Re: [ba-ohs-talk] Keyword Indexing
Actually, I've just figured out what \B is doing. (01)
I should point out that it also splits things like into (02)
&n~~b~~s~~p;~~ (03)
But in those cases you should be able to split off the unwanted
punctuation. (04)
--
Peter (05)
----- Original Message -----
From: "Peter Jones" <ppj@concept67.fsnet.co.uk>
To: <ba-ohs-talk@bootstrap.org>
Sent: Tuesday, April 30, 2002 10:00 PM
Subject: Re: [ba-ohs-talk] Keyword Indexing (06)

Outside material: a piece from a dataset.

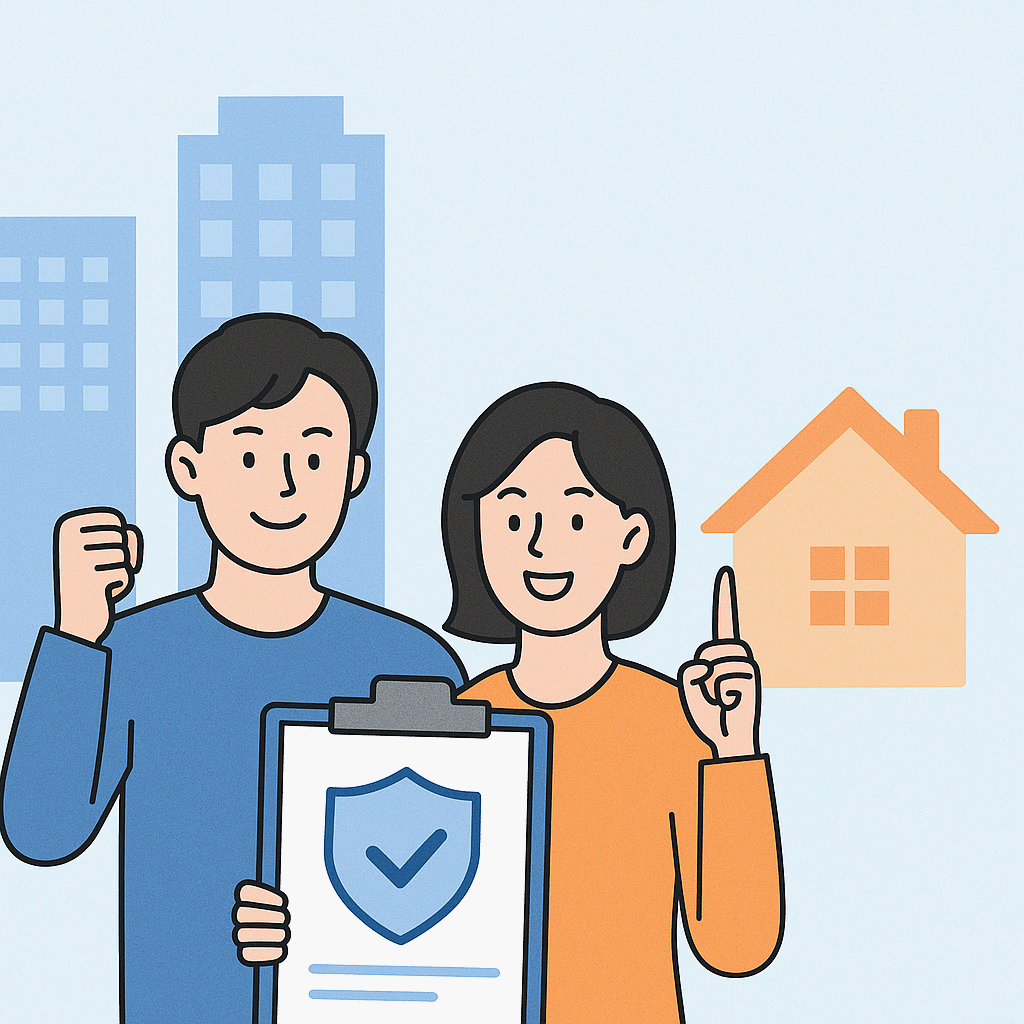 2025 국토교통부 전세보증금 반환보증 보증료 지원 총정리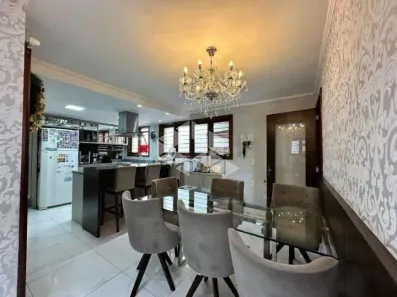 Casa com 4 Quartos à venda, 247m² no São José, Canoas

> Well, I've seen quite a few papers that say that there aren't any easy
> answers to indexing
> punctuations in English.
>
> In playing with perl against the bootstrap archives I came up with the
> following partial step in the
> right direction.
>
> @wurddat = split( /\s+/, $sntnc); #split (by whitespace) a sentence
> into an array
>
> foreach $teststr (@wurddat) { #for each string in the wurddat
> array...
>
> @chardat = split(/\B/, $teststr); #...split on a non-word
> boundary
>
> foreach $char (@chardat) #test printout for dbug
> {
> print "$char~~";
> }
> print "\n";
> }
>
> I have no idea why really, but it yields a split of the word that
looks
> like:
> N,N-d~~i~~m~~e~~t~~h~~y~~l~~t~~r~~y~~p~~t~~a~~m~~i~~n~~e~~
> where '~~' is just printout data so that I can see where the splits
are.
> The characters that have punctuation immediately between them don't
get
> split apart.
>
> I'm now working on an algorithm that picks up that data to create the
> words for the index.
>
> HTH,
> --
> Peter
>
>
>
> ----- Original Message -----
> From: "blincoln" <blincoln@ssesco.com>
> To: <ba-ohs-talk@bootstrap.org>
> Sent: Tuesday, April 30, 2002 8:13 PM
> Subject: Re: [ba-ohs-talk] Keyword Indexing
>
>
> >
> > >since that is actually creating new words and phrases. A comma is
> > >pretty simple to type and is (in English) a _word_ or
> _phrase_delimiter_.
> >
> > A friend and I are working on a java-based keyword indexer at the
> moment and are
> > confronting a problem which it seems like must have been solved
10,000
> > times already. It is a necessary requirement that the indexer be
> capable of
> > indexing highly technical words. Our area involves a lot of
chemical
> notation
> > which includes commas _not_ as delimiters but as word-chars. Like:
> >
> > N,N-dimethyltryptamine or 3,4-methylpropylamine or others of the
sort.
> >
> > They can get more complicated. We have not yet found any adequate
> solution
> > but if anyone knows of any keyword parsing / tokenizing rule sets
that
> have
> > gone through some iterations in development, let me know. It seems
> like
> > the only real chance for tokenizing technical language properly must
> be
> > some sort of dictionary lookup? What a pain.
> >
> > The following characters can be part of a single chemical notation:
,
> [ ] ( ) + -
> > (minus and dash)
> >
> > So far, it looks like we will just lose a large portion of the
> chemical notations
> > to the indexer. Another idea I've been toying with is the idea of
> tokenizing twice
> > and indexing both results.. So I would have a set of "always
> delimiters" which
> > would break words for both sets (space is always a delimiter), and
> "normal
> > delimiters" which would be things like the comma, bracket,
> parentheses.
> >
> > Create both list of tokens for a given text block, creating a
'normal
> list' and
> > a 'technical list' (which is not tokenized with the 'normal
> delimiters').
> > Remove from the 'technical list' any keys that do not contain any of
> the
> > technical delimiters, and then I have a list of 'normal keywords'
and
> a list of
> > possible 'technical keywords'.
> >
> > Sounds horrifyingly slow for the project I'm working on (a keyword
> indexer
> > for a spider), but its the best I've come up with so far..
> >
> > any thoughts or ideas?
> >
> > bcl
> >
> >
> >
> >
>
> (07)